- _THE DATA_
#####

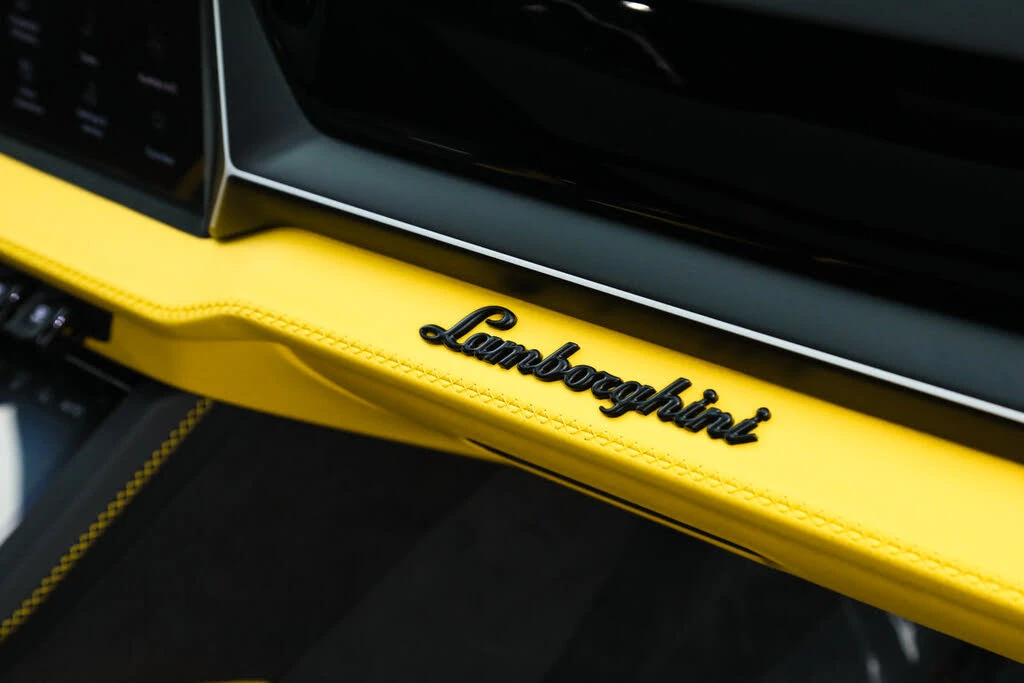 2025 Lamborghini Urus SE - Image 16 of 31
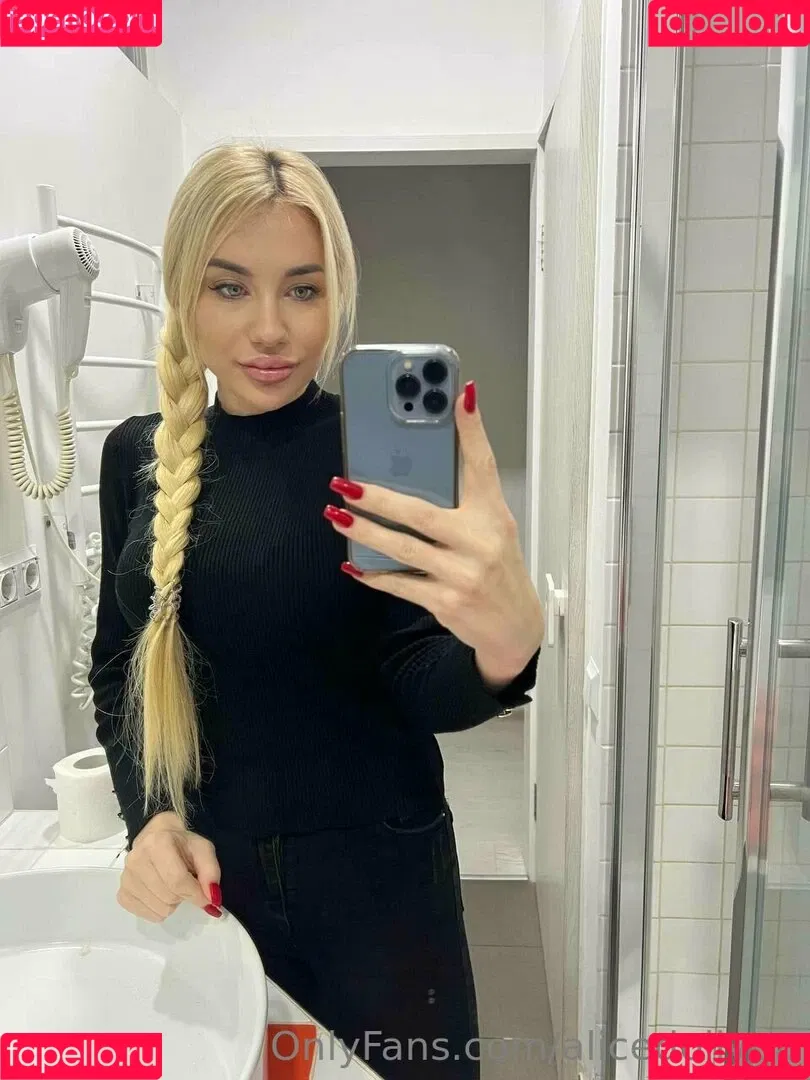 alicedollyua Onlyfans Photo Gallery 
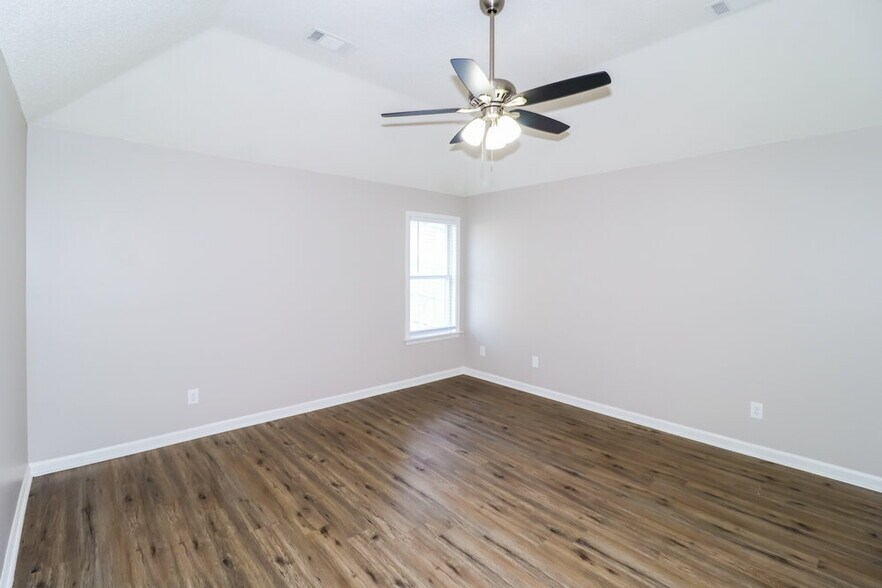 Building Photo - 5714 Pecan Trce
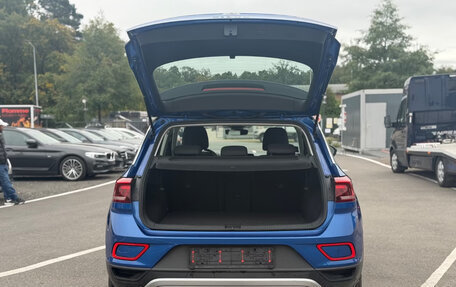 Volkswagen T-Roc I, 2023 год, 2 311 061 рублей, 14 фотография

#####

- _EXERCISE_
The data above should be restated exactly, with its images dropped.

- _SOLVED EXERCISE_
 2025 Lamborghini Urus SE - Image 16 of 31
 alicedollyua Onlyfans Photo Gallery 
 Building Photo - 5714 Pecan Trce
 Volkswagen T-Roc I, 2023 год, 2 311 061 рублей, 14 фотография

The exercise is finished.